— Dataset excerpt —
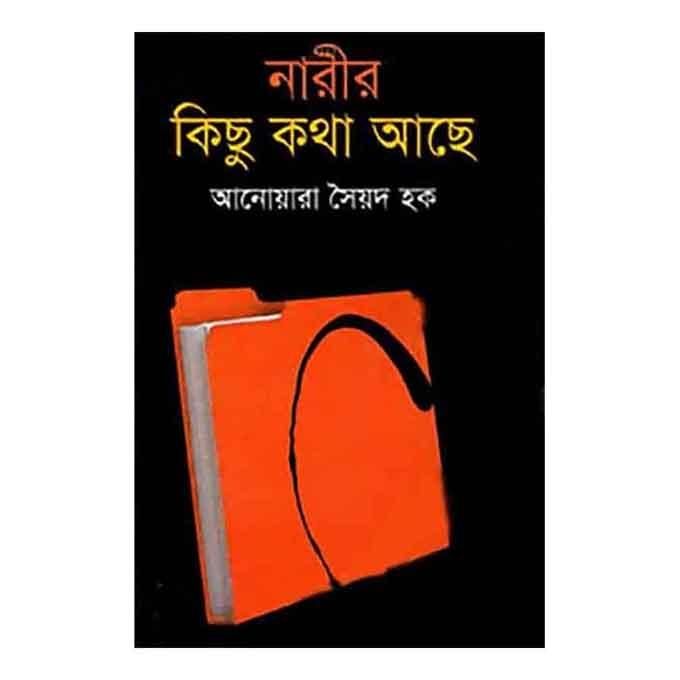 নারীর কিছু কথা আছে - আনোয়ারা সৈয়দ হক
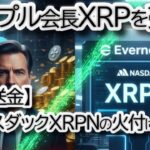 「🚨衝撃🚨 リップル創業者クリス・ラーセン、XRPで7.6億ドル巨額利益確定！Evernorth提携の真実とは？【XRP大暴騰の予兆？】」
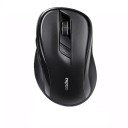 Mouse senza fili silenziosa Rapoo M500 1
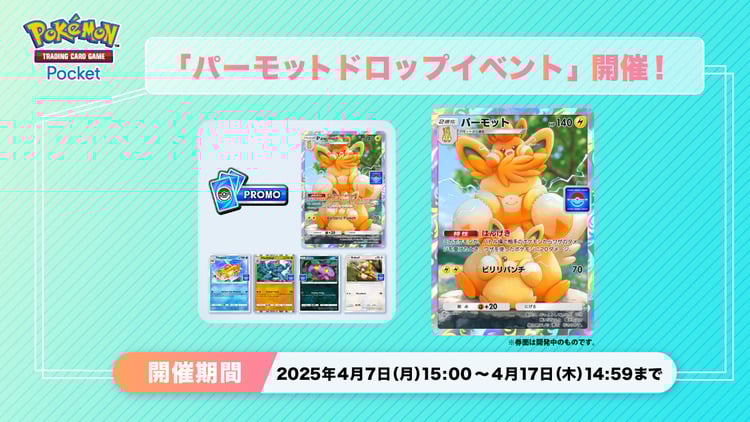 Gn6UbwtWQAA1QtE.jfif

— Task description —
Retype only the lines above from the one with "Mouse senza fili silenziosa Rapoo M500 1" through the last, both ends included, keeping every picture out of the copy.

— Solution to this task —
 Mouse senza fili silenziosa Rapoo M500 1
 Gn6UbwtWQAA1QtE.jfif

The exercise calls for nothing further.